Henk Twelker played for 't Gooi 1921–22 continuing to Ajax Amsterdam. Wim Anderiesen played for 't Gooi 1922 through 1926, also continued to Ajax, as well to an international career on the Netherlands national football team. The English football manager Bob Jefferson coached the first squad 1927–1929, in his second season alongside FC Eindhoven.

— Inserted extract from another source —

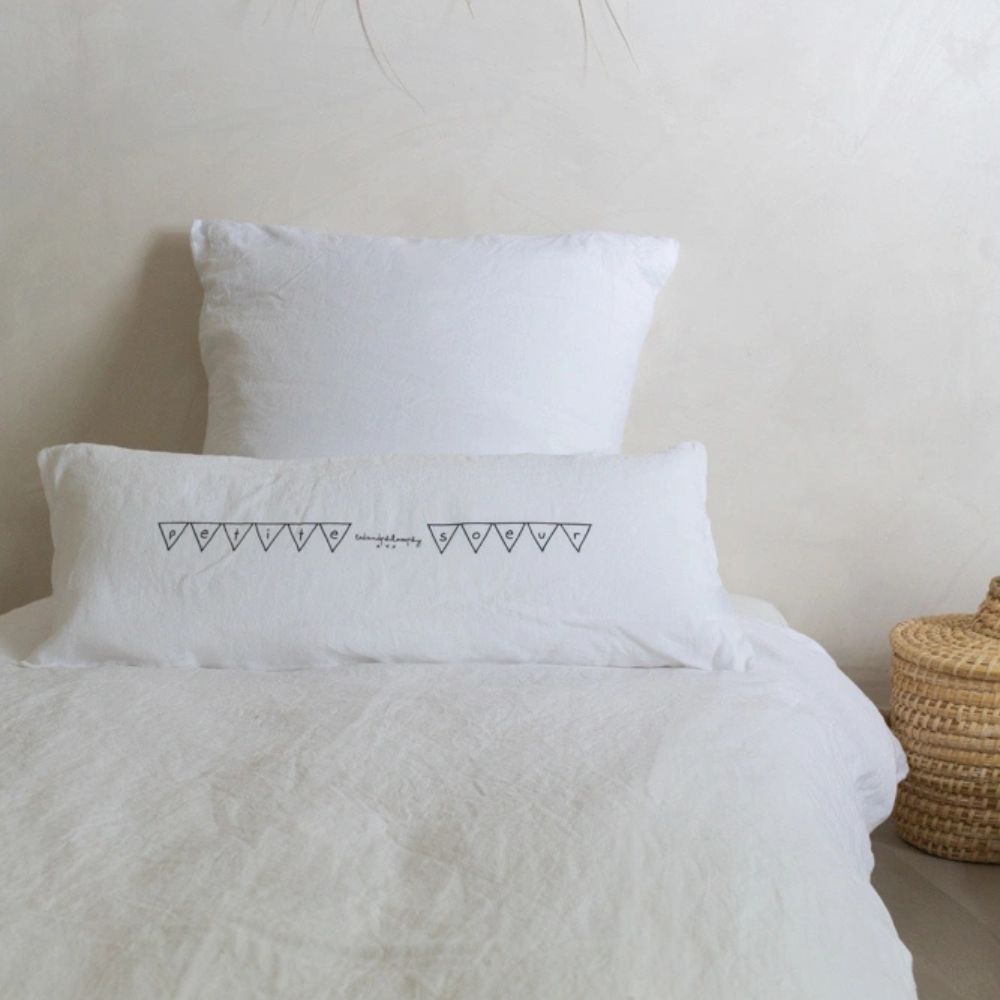 Housse De Coussin Sérigraphiée En Lin Lavé - Gris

Pim Bekkering starred in the club 1956 through 1957, before continuing to PSV Eindhoven. Rinus Schaap participated in the 1958 FIFA World Cup qualification while playing voor 't Gooi. Goalkeeper Theo Mostard also stood out on the Hilversum team during this time. The later Professor Herman Pleij also played at this time on the team. In the 1958–59 Tweede Divisie 't Gooi won the championship, along with Go Ahead Eagles from Deventer. Gert Bals was the goalie 1957 through 1961, like Bekkering continuing to PSV Eindhoven.

In Round 4 of the 1961-62 KNVB Cup 't Gooi lost 1–0 to Ajax Amsterdam. As SC Gooiland, the professional division reached in seasons 1967–68 and 1968–69 a seventh place in the Tweede Divisie. In 1971 it reached an all-time high with a sixth slot. Nevertheless, the club was forced to stop playing professional soccer as KNVB discontinued the Tweede Divisie.

Since the club engages in multiple sports, in 2001 the club was rebranded from Hilversum Football Club 't Gooi into Sports Club 't Gooi. Since 2013 the focus is again on football with secondary branches in tennis and table tennis. Diangi Matusiwa played in the youth of 't Gooi. In November 2017 the club had to withdraw its first soccer squad from the Vierde Klasse, lacking sufficient motivated players to continue.

==Players==

===National team players===
The following players were called up to represent their national teams in international football and received caps during their tenure with SC 't Gooi:

- Wim van Dolder (1925–1930)
- Adje Gerritse (1928–1930)
- Rinus Schaap (1947–1950; 1954–1957)

- Years in brackets indicate careerspan with SC 't Gooi.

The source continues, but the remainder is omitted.